江戸時代中期、石門心学の創始者として知られる石田梅岩が著した『都鄙問答』(1739年)が紹介されている。この書物において、梅岩は商人の存在意義を力説し、「商人皆農工となれば財宝を通ずる者なくして万民の難儀と成らん」と述べている。さらに、「売利を得るは商人の道なり、元銀に売を道という事を聞かず」と、商業利潤を明確に肯定している。ただし、その利益追求は「正直」を基盤とすべきと強調し、道徳的な側面も重視している点が注目される。この記述からは、梅岩が当時の社会における商人の役割を肯定的に捉え、その経済活動を倫理的に正当化しようとしていたことが読み取れる。

2. 都鄙問答 における商人の道徳と経済の調和

『都鄙問答』では、封建社会の儒教倫理に沿って、士農工商それぞれの社会的意義が論じられている。梅岩は、経済と道徳の一致を説き、商人にも流通における役割の価値を見出し、利益追求の正当性を強調している。同時に、社会的に認められる利益概念にも言及している点が重要である。これは、単なる経済活動ではなく、社会貢献という側面も考慮した上で、商人の活動を肯定的に評価しようとしていることを示している。当時の社会構造の中で、商人の地位向上や社会的地位の確立を目指していた可能性も示唆されている。 この思想は、現代のCSR(企業の社会的責任)や倫理経営に通じるものがあると解釈できる。

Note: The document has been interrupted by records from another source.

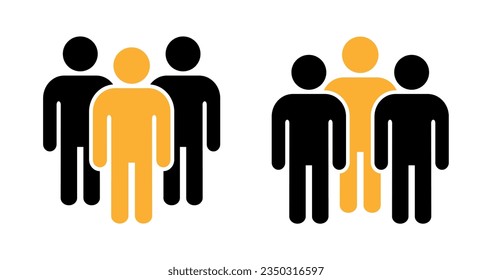 Símbolo, icono de personas. archivo vectorial.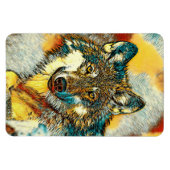 AnimalArt_Wolf_010 Magnet (Horizontal)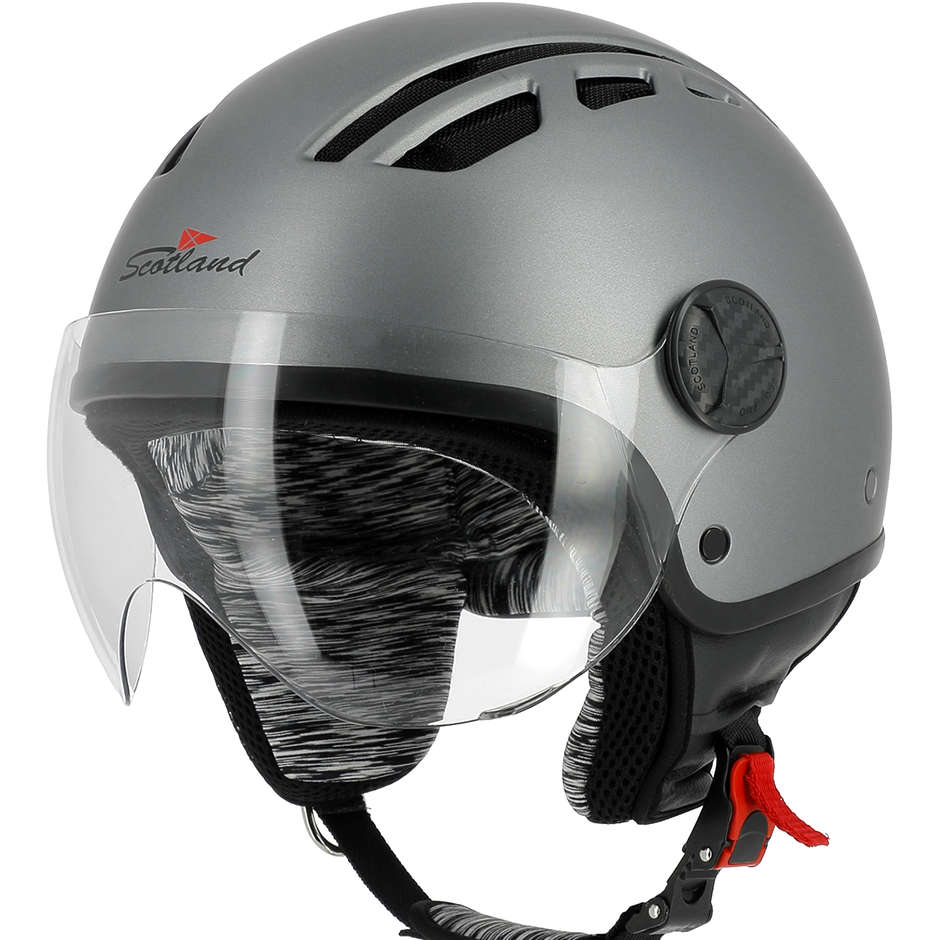 Motorcycle Helmet DEmi Jet Scotland 120027 Ventotene Aerated Matt Titanium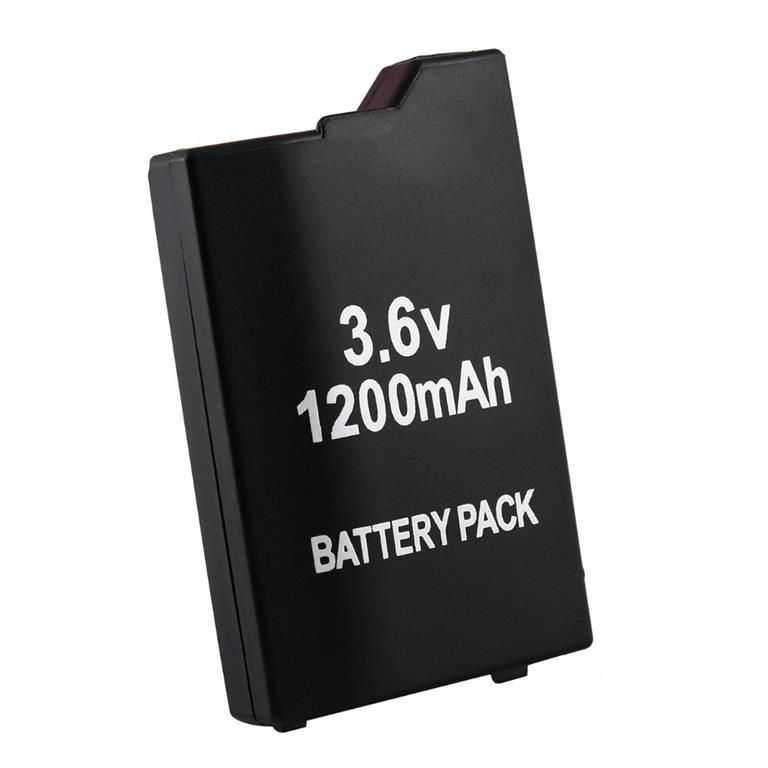 Coperchio Batteria Posteriore Per PSP 2000/3000 - Nero Per Batteria Estesa 2200mAh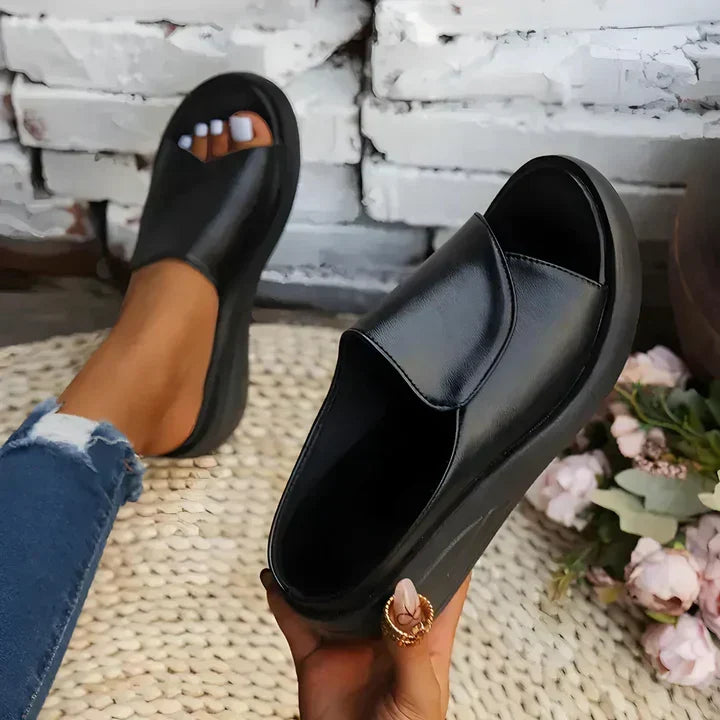 Eliza™ – Ortopædiske loafers med kilehæl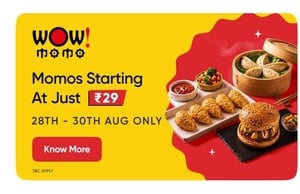 Swiggy Dineout: Wow Momo Starting @ Rs. 29 | Limited-Time Offer | 28-30 Aug Only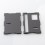 Authentic MK Mods Front + Back Door Panel Plates for Lost Vape Centaurus B80 Black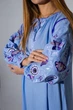 Вишита сукня «Квітуча сила» Блакитний XS YOU&DEE - изображение 3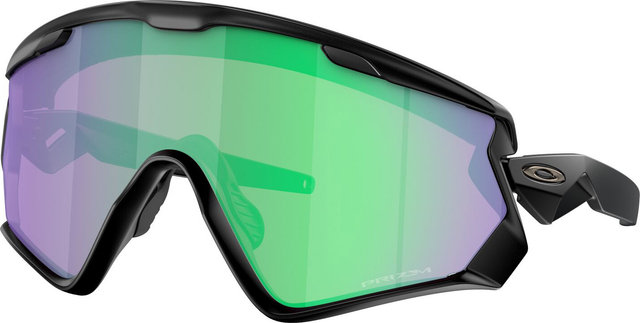 Oakley Gafas deportivas Wind Jacket 2.0 - matte black/prizm road jade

3. 梅岩の思想と当時の社会状況 および現代への示唆

梅岩が一般的に学者として認められていない理由として、当時の学問状況が挙げられている。忠孝を重んじる朱子学や国学が主流だった当時、独学の梅岩は自身の主張を既存の学問用語を用いて表現せざるを得なかった。これは、梅岩の思想が、当時の社会状況や学問体系の中でどのように位置付けられていたかを示している。 また、彼の主張は、倹約と正直という消極的な職業規範を守り、家業としての商売の組織防衛を強調した側面も持ち合わせている。一方で、社会秩序を人間の内面から理解するという仏教的な思考法に基づいていると指摘されている。彼の思想が、現代の倫理経営や、社会における経済活動の在り方を考える上で、様々な示唆を与えてくれることがわかる。

VI.日本の経済と仏教の影響

日本の経済発展の基盤を、個人主義求道主義の融合に求める分析が紹介されている。鎌倉新仏教における易行化が、知の活用方法としての求道主義をもたらし、それが日本人の経済行動の特質を形成したという仮説が提示されている。天台本覚思想法然の教えが、職人のものづくりへの熱意に影響を与えたと論じている。山崎正和の「柔らかい個人主義」の概念も関連付けている。

1. 日本の経済力と個人主義 求道主義

日本の経済力の基盤は、自己実現・自己表現を目指す個人主義にあるとされている。しかし、これは西洋的な個人主義とは異なり、他者との競争による排除ではなく、共通の目標や価値観を共有する集団の中で、自己実現と自己表現を追求する「柔らかい個人主義」であると説明されている。個人が他者から独立した行動を重視するのではなく、同じ道を志す仲間との協調性を重んじる点が強調されている。この集団主義的な側面は、日本の経済活動における独特の協調性や、競争と協調のバランス感覚を理解する上で重要な要素となる。この集団的な側面は、企業文化や組織運営にも反映されていると考えられる。

2. 仏教の求道主義と日本の経済行動

日本の経済行動の特質の基礎を、仏教における求道主義がなしたという仮説が提示されている。具体的には、鎌倉新仏教における修行の易行化が、仏教の修行に代わる知の活用方法として求道主義をもたらし、それが日本人の経済行動の特質の基礎をなしたと主張されている。天台本覚思想や法然の教えが、難しい修行を必要としないとしたことが、日本の職人がものづくりに没頭することで求道を行うようになった要因の一つとして挙げられている。また、山崎正和のいう「柔らかい個人主義」も、この文脈で理解されるべきであるとされている。これは、日本の経済発展に、仏教思想が潜在的に大きな影響を与えてきた可能性を示唆している。

VII.マーケティング教育の現状と課題

アメリカのマーケティング教育の現状を批判的に検討。ケーススタディ中心の教育方法の問題点を指摘し、実践的知識と体系的理解のバランス、そして変化する時代への対応力の必要性を主張している。過去の事例のみに頼る教育の限界、新しい時代や環境への対応ができないという点を批判している。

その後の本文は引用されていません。